Uno de los ofrecimientos más ambiciosos del presidente Guillermo Lasso fue la creación de dos millones de empleos durante su Gobierno. Plan ambicioso y, también, necesario en un país que ha afrontado dos grandes paralizaciones promovidas por el movimiento indígena (octubre de 2020 y junio de 2022) además de sufrir los efectos económicamente paralizantes de la pandemia.
A lo anterior se agregan los problemas estructurales que acarrea el país y que dificultan la creación de fuentes de trabajo, lo que hace que la informalidad laboral junto con el desempleo sean la norma común y predominante en Ecuador.
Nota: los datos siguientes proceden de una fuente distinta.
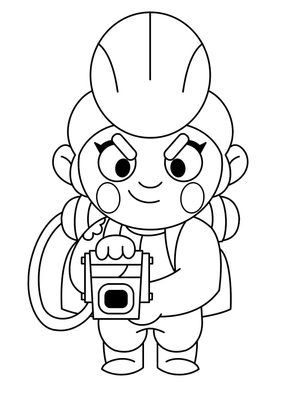 Coloring Page: Brawl Stars Character - Pam Coloring Page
Por ello no es de extrañar que miles de personas hayan acudido la semana pasada, por ejemplo, al llamado de la empresa de aseo de Quito para cubrir 200 vacantes.
Hasta ahora, los intentos del Gobierno por (al menos) tratar de cumplir la meta de generación de puestos de trabajo ha chocado un muro representado en la Asamblea Nacional. El 24 de marzo pasado, el Pleno del Legislativo archivó el proyecto de ley de inversiones; previamente, el 29 de septiembre de 2021, el Consejo de Administración Legislativa (CAL) no calificó el llamado proyecto de ley de oportunidades.
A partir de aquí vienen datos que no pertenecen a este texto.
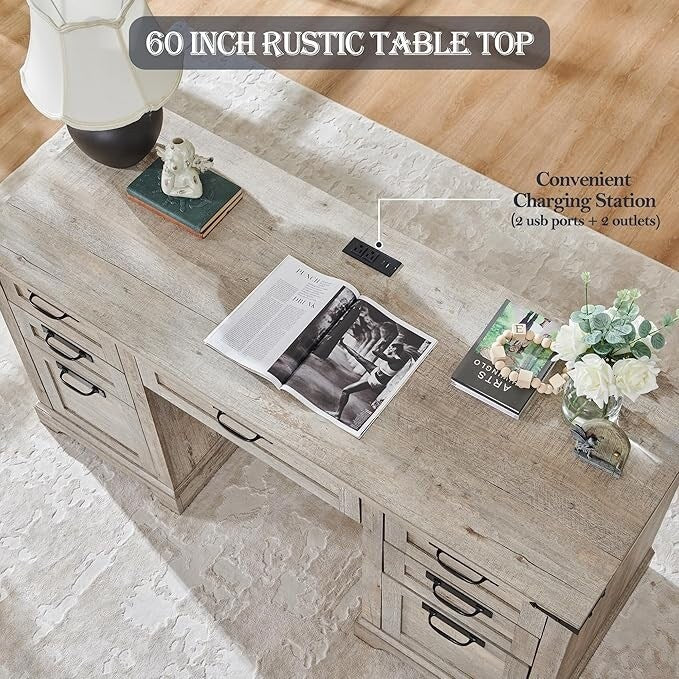 Bureau de direction de style farmhouse de 60 pouces, bureau de travail en bois pour la maison, bureau d'ordinateur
Con seguridad, ambas propuestas no resolverán totalmente los problemas del país, pero reflejan la idea del Ejecutivo de atraer inversiones externas y flexibilizar el mercado laboral ecuatoriano para crear nuevos empleos.
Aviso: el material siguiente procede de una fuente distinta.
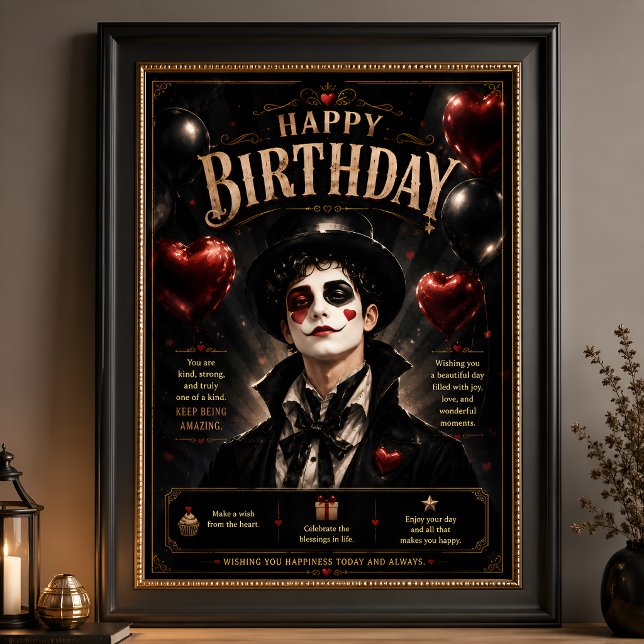 Póster Elegante Pierrot Negro y Blanco (Subido por el creador)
Las hipótesis contrarias, defendidas por políticos y antiguos dirigentes gremiales, señalan que la solución es cerrarse a la llegada de capitales, evitar las privatizaciones (cuando estas ya están prohibidas en la Constitución) y endurecer las condiciones de contratación para los empleadores.
Coinciden así con el correísmo en aquello de establecer y endurecer requisitos para que empresarios y emprendedores inviertan y contraten a nuevo personal; política aplicada desde 2007 y que no mejoró los niveles de empleo ni aumentó la inversión privada. Pero la lección no fue bien aprendida.